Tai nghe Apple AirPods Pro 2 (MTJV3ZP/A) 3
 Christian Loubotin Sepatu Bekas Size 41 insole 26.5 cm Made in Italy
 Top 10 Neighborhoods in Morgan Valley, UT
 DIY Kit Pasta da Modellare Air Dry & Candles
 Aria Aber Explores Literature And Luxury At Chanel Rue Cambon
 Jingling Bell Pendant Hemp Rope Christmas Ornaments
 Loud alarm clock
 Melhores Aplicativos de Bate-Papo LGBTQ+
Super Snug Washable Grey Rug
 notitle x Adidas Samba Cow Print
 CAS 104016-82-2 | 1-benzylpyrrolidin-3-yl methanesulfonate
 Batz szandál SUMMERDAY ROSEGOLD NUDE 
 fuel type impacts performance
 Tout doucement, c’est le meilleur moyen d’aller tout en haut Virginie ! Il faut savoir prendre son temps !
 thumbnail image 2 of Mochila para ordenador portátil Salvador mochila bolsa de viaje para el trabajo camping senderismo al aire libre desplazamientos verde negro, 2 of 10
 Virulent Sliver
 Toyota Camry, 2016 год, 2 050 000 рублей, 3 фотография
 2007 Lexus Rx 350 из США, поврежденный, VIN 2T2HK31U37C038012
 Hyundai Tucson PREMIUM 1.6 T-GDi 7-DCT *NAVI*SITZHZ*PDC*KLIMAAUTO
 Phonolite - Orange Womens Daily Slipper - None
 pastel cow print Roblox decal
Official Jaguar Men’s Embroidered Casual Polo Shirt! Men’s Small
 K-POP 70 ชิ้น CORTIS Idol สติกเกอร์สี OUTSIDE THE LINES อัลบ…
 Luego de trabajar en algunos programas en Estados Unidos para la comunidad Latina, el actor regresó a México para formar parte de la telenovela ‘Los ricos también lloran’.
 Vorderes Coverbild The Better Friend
==============================
▶ Problem details
Your answer should be the lines above from the one containing "Aria Aber Explores" through the one containing "Toyota Camry, 2016", copied exactly and with both ends kept.

▶ Response to this task
 Aria Aber Explores Literature And Luxury At Chanel Rue Cambon
 Jingling Bell Pendant Hemp Rope Christmas Ornaments
 Loud alarm clock
 Melhores Aplicativos de Bate-Papo LGBTQ+
Super Snug Washable Grey Rug
 notitle x Adidas Samba Cow Print
 CAS 104016-82-2 | 1-benzylpyrrolidin-3-yl methanesulfonate
 Batz szandál SUMMERDAY ROSEGOLD NUDE 
 fuel type impacts performance
 Tout doucement, c’est le meilleur moyen d’aller tout en haut Virginie ! Il faut savoir prendre son temps !
 thumbnail image 2 of Mochila para ordenador portátil Salvador mochila bolsa de viaje para el trabajo camping senderismo al aire libre desplazamientos verde negro, 2 of 10
 Virulent Sliver
 Toyota Camry, 2016 год, 2 050 000 рублей, 3 фотография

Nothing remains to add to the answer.